Begin at the line below that has "Milanq Name Poster". Stop after the line that has "Life Is Better In Flip Flops - Metal Sign", repeating each line exactly and leaving out the pictures.

MATERIAL FOR THIS EXERCISE:
▬▬▬

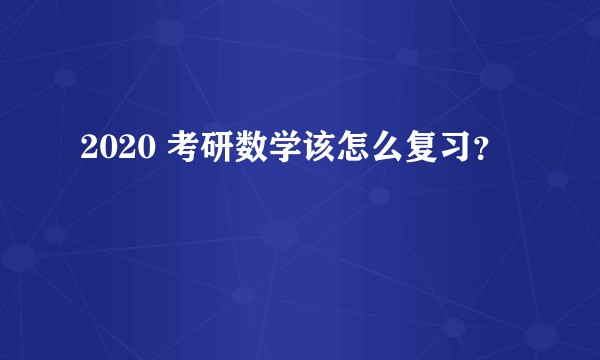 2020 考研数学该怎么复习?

▬▬▬

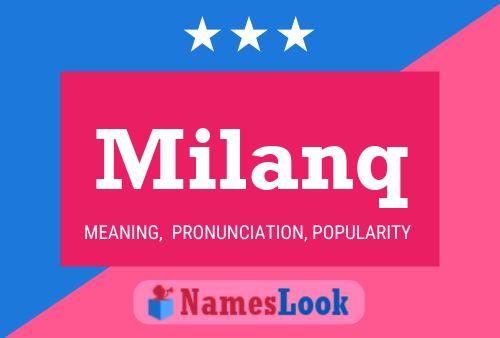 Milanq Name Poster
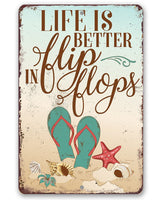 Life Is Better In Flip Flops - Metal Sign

▬▬▬

EXPECTED ANSWER:
 Milanq Name Poster
 Life Is Better In Flip Flops - Metal Sign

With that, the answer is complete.